Another interesting blockchain application is smart contracts. And this returns us to where we began. None other than Nick Szabo developed the notion of smart contracts which are computer protocols that facilitate, enforce, or make unnecessary contracts or contract clauses. The definition of a smart contract varies widely (and includes the DAO, discussed briefly below) but one of the most interesting aspects of smart contracts is their ability to self-execute. Imagine a car loan in which monthly payments are automatically deducted and in which, if funds are insufficient, ownership of the car immediately reverts to the lender and the car’s functionality is limited. By placing this kind of contract on blockchain, the lender’s ownership of the car is undisputed (via the blockchain) and payment can be made with Bitcoin, eliminating the need for costly banking intermediaries.
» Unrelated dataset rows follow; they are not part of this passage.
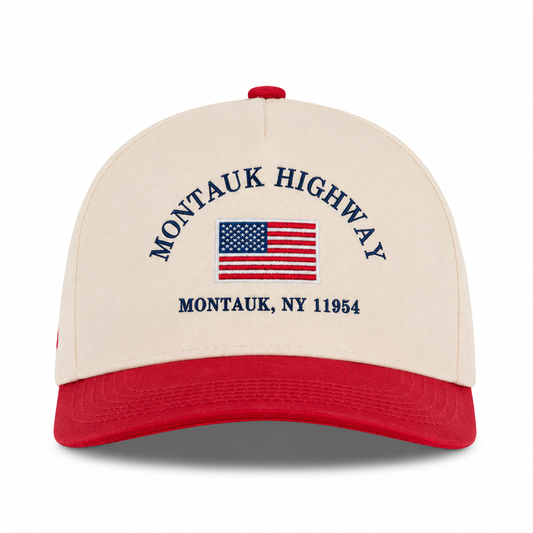 The Montauk Highway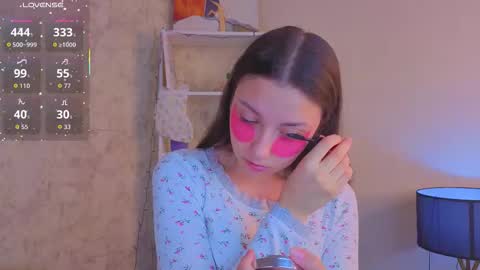 Milly online show from 12.22.25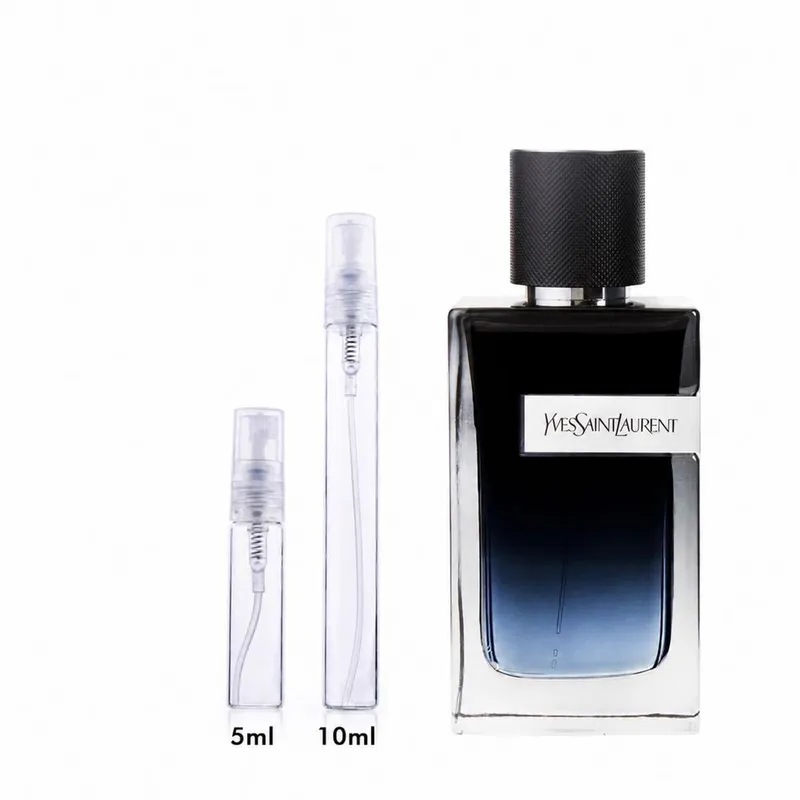YSL Y edp Распив 10 мл, 5 мл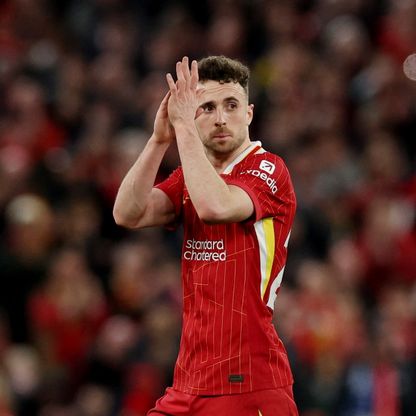 ليفربول ينعى ديوغو جوتا ويطالب باحترام خصوصية عائلته بعد "خسارة فادحة"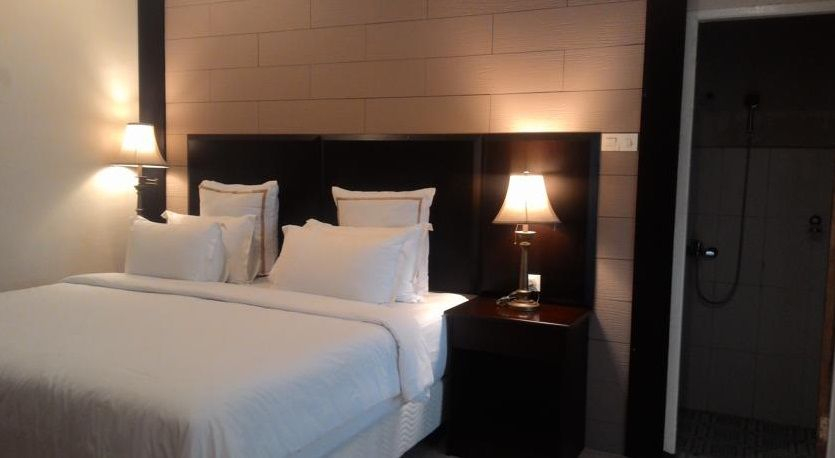 Bedroom 3, Alsalam Syariah Guest House (Pasar Kliwon), Solo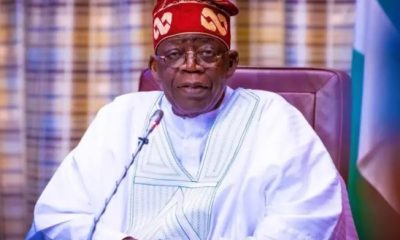 Uncertainty Looms Over Ministers as Tinubu Considers Major Cabinet Reshuffle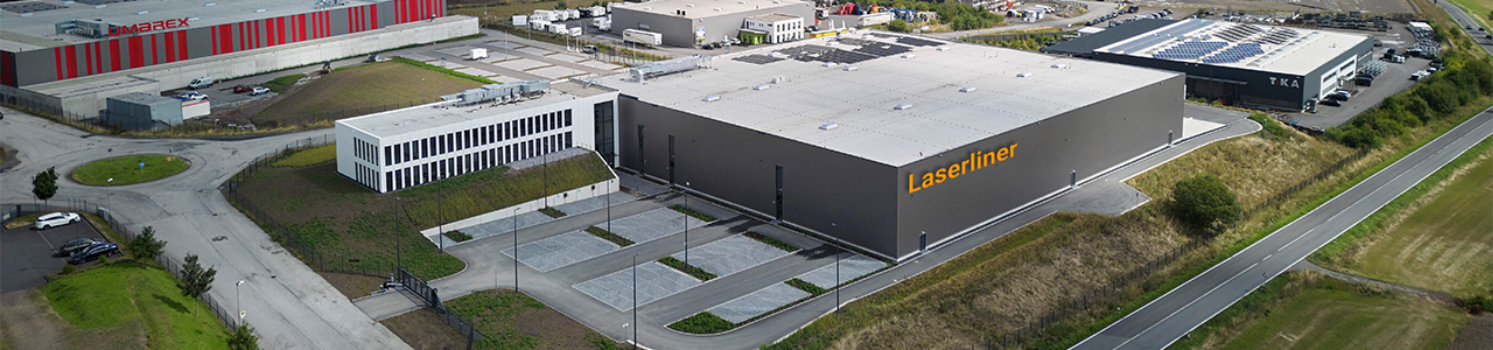 Technisch accountmanager Noordwest-Nederland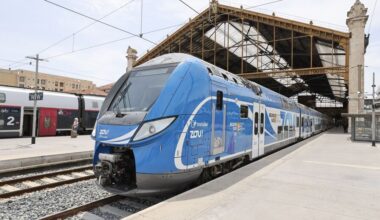 «Un changement historique» : Marseille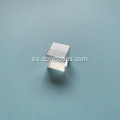 Cubo divisor de haz láser no polarizado de 40 mm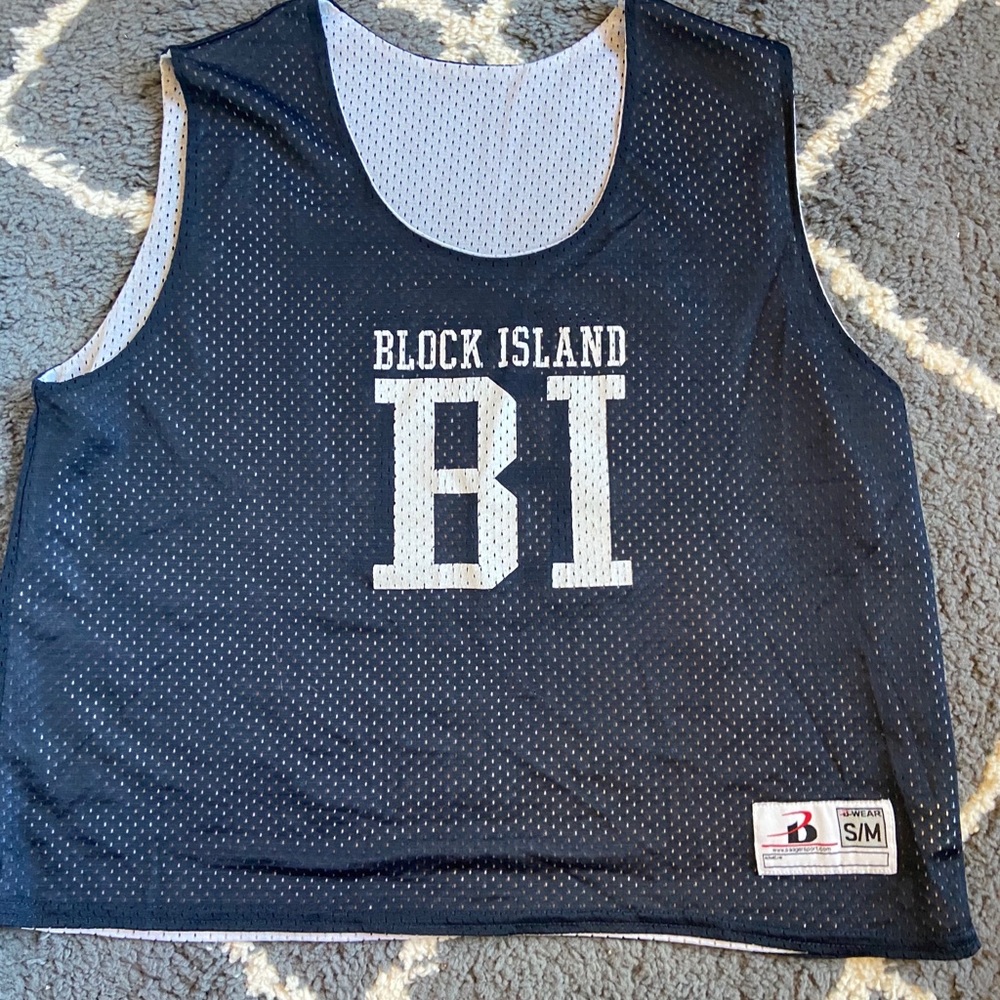 Block Island Pinnie
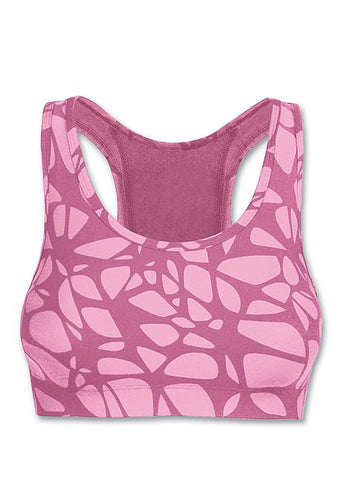 Champion Double Dry Performance Reversible Fitness Sports Bra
Using the internet of things, a car’s functionality could be limited remotely, significantly reducing the costs of tracking and repossession. And remember the mortgage discussion above? The exact same thing could be done for a home mortgage, with payments automatically deducted and access limited in the event of default.

R.I.P. DAO

If you want a deep dive in blockchain and smart contracts, check out the story of The DAO which was in some ways the decentralized autonomous organization. It’s too complex to cover in-depth here, but the DAO was an attempt to implement an economic organization that functioned entirely on its own. The aim was that the DAO would make investments using cryptocurrency funds called Ether (like Bitcoin, Ether is another cryptocurrency existing on a separate blockchain, Ethereum).  TechCrunch described The DAO as “a paradigm shift in the very idea of economic organization. … It offers complete transparency, total shareholder control, unprecedented flexibility, and autonomous governance.” Volumes could be written about the DAO and it’s “failure,” and aftermath (including the Ethereum community’s decision to hard-fork the network) but it represents a series of firsts in the blockchain and smart contracts space, and was a remarkably bold endeavor in 2016.

Most attorneys think that Bitcoin is far from their everyday lives. And it’s true that most attorneys don’t touch it in their everyday practice. But there’s much about Bitcoin and the blockchain today that was relevant this year and to the law and the legal system. More to the point, there’s much about Bitcoin, the blockchain, and smart contracts that will be relevant to the future of law.

 

[i] Even though I spend a great deal of my professional life railing against lawyers’ lack of and unwillingness to embrace basic principles of efficiency.